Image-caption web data
════════════════════

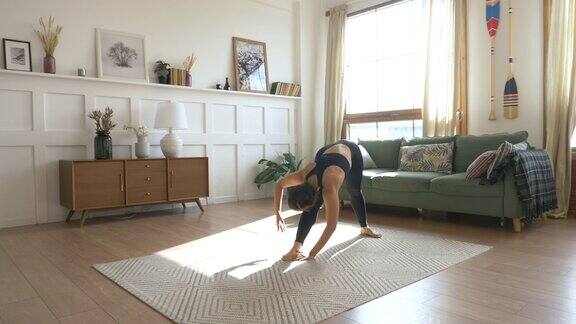 一个穿着紧身裤和t恤的女人在阳光明媚的早晨在客厅里做瑜伽姿势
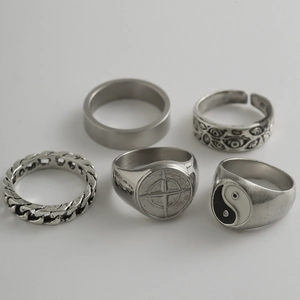 Close-up of five silver rings featuring Tai Chi and Star patterns in hip-hop style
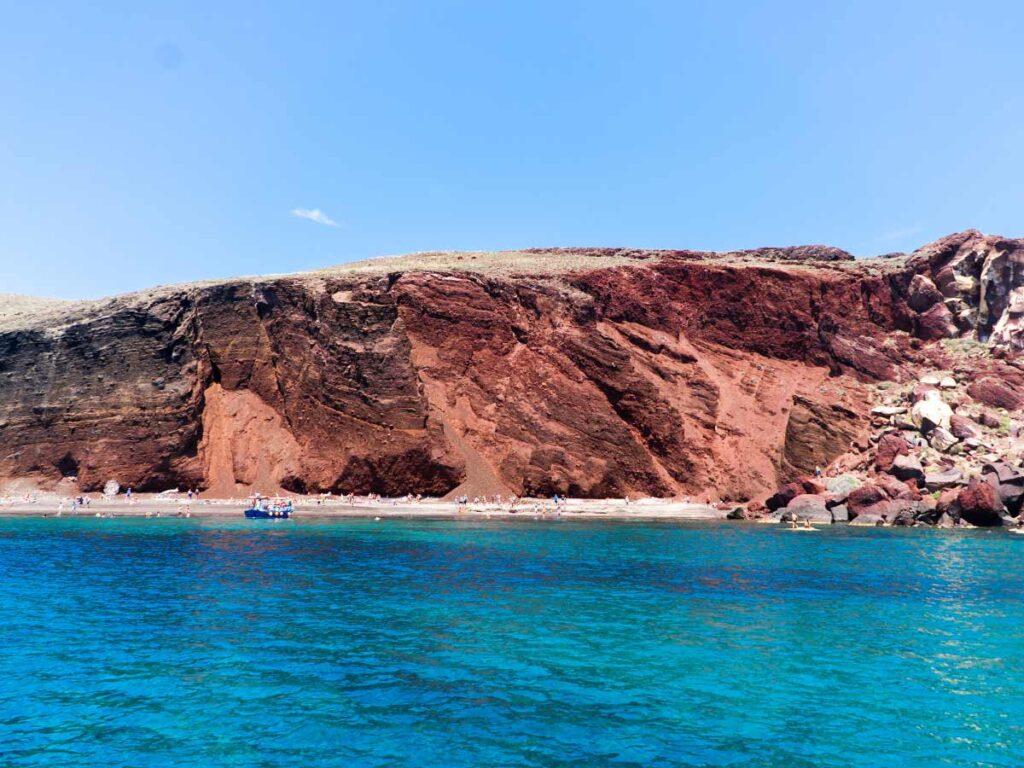 Red Beach in Santorini with striking volcanic cliffs and clear turquoise waters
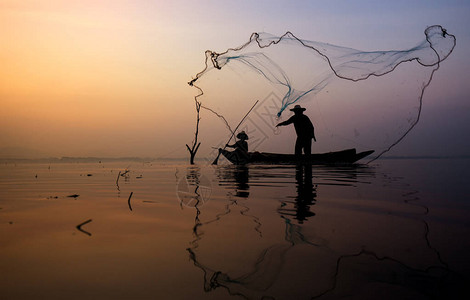 在泰国湖边钓鱼的渔夫船上的渔图片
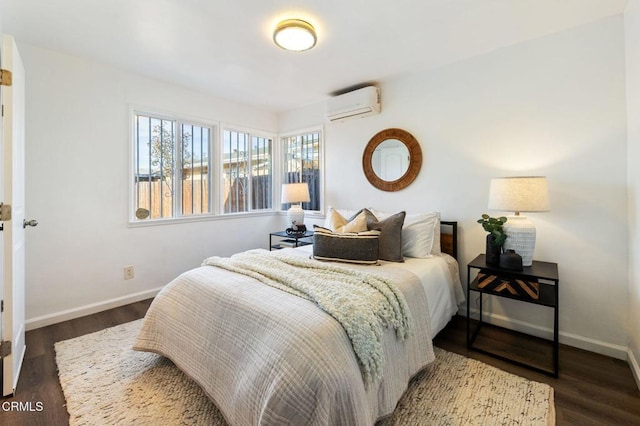 bedroom with a wall unit AC and dark hardwood / wood-style flooring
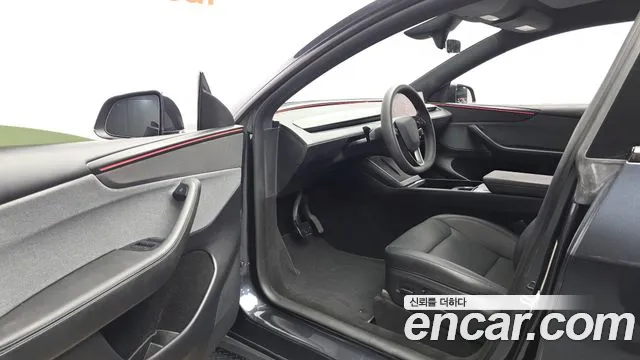 Tesla Model Y — Фото автомобиля 10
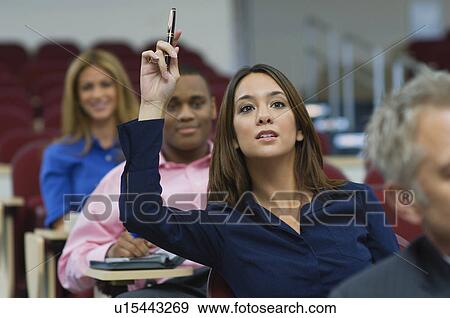Stock Photo - Business people sitting in auditorium, woman rising hand. Fotosearch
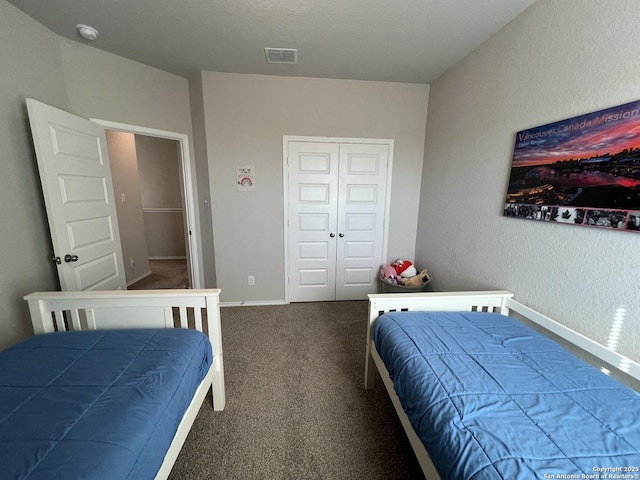 bedroom featuring a closet and carpet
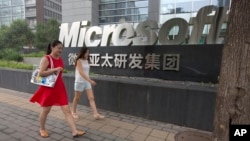 FILE - women walk past the logo for Microsoft in Beijing, China, July 31, 2014.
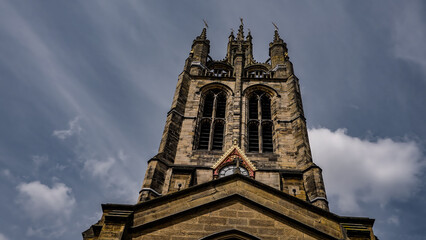 Low angle view of St. Nicholas Cathedral's tower and clock, with a cloudy sky in the background, in Newcastle upon Tyne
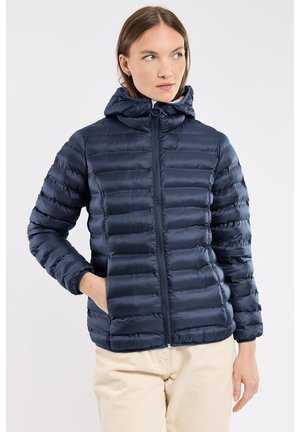 Femme portant une doudoune matelassée bleu marine avec capuche, fermeture éclair à l’avant et poches latérales, debout avec une main dans la poche.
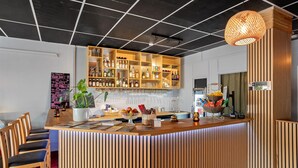 Un espace bar avec un comptoir en bois, des étagères remplies de bouteilles, une plante en pot et un luminaire suspendu.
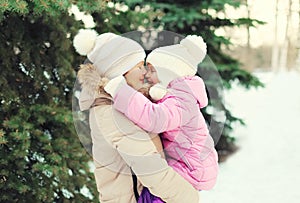 Mother hugging child near christmas tree in winter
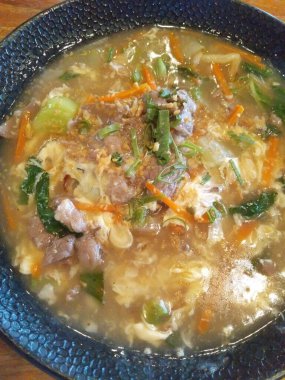 Halal Kuey Teow ya da Endonezya usulü Asya usulü erişteli sığır eti, yumurta ve sebzeli ahşap arka planda büyük bir tabak.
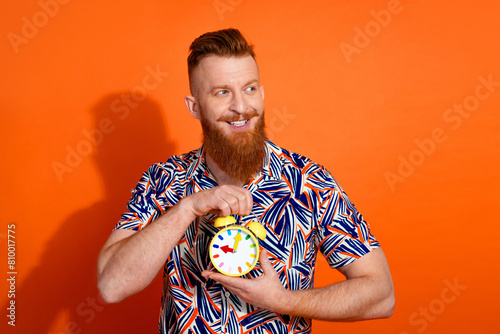 Photo of dreamy positive guy dressed print shirt holding clock lookng emtpy space isolated orange color background photo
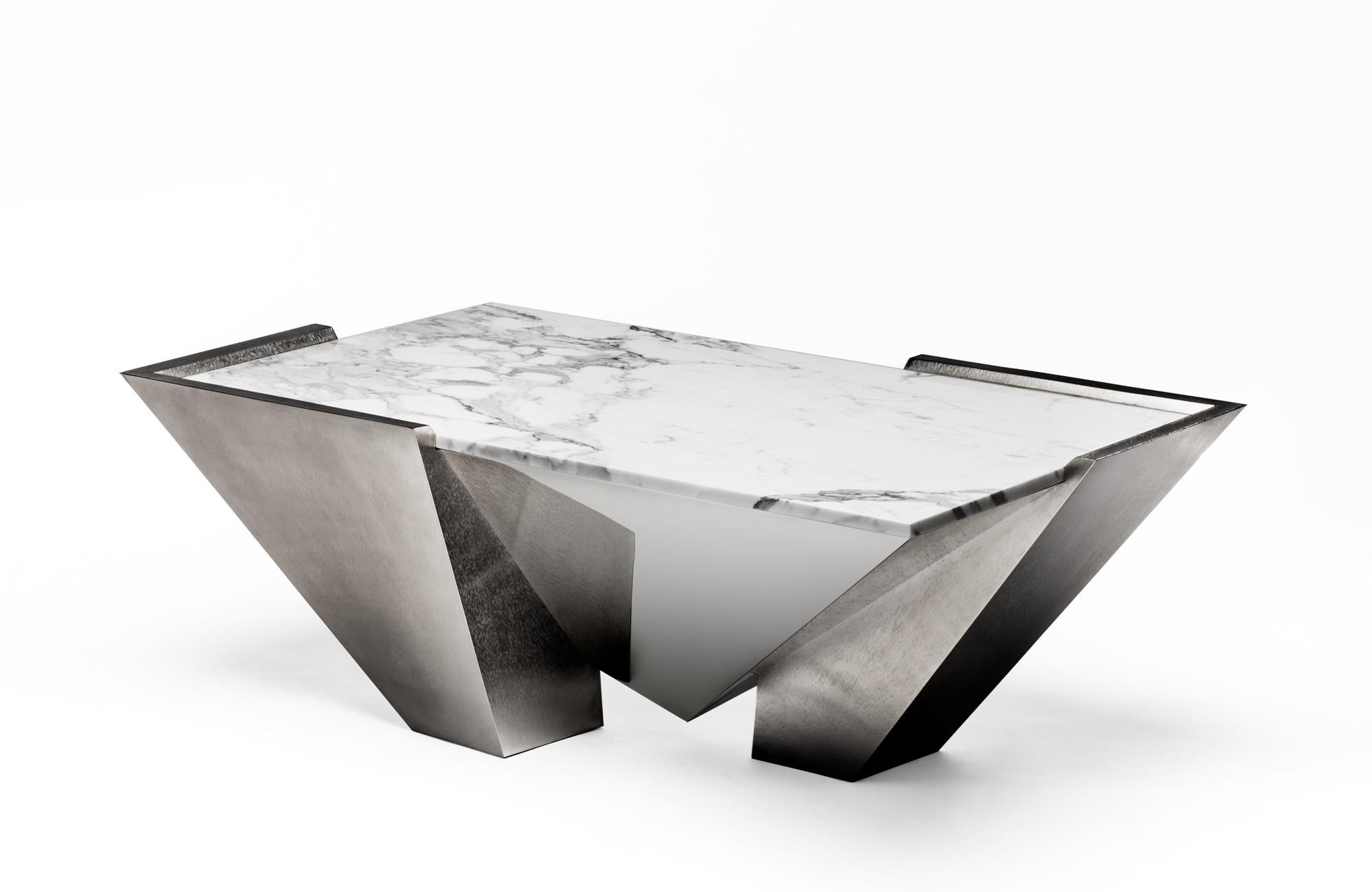 Lineal table, 2017
The Lineal table features an angular shape which catches the light from every angle and reflecting a soft shimmering glare. Crafted in nickel-plated metal, the facets of the table have been dyed in anthracite hue and treated with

════════════════════

■ **ACTIVITY**
When copying from the data above, print only the lines from the line containing "Photo of dreamy" to the line containing "Lineal table, 2017", exactly, and leave the pictures out.

■ **SOLUTION**
 Photo of dreamy positive guy dressed print shirt holding clock lookng emtpy space isolated orange color background photo
 Lineal table, 2017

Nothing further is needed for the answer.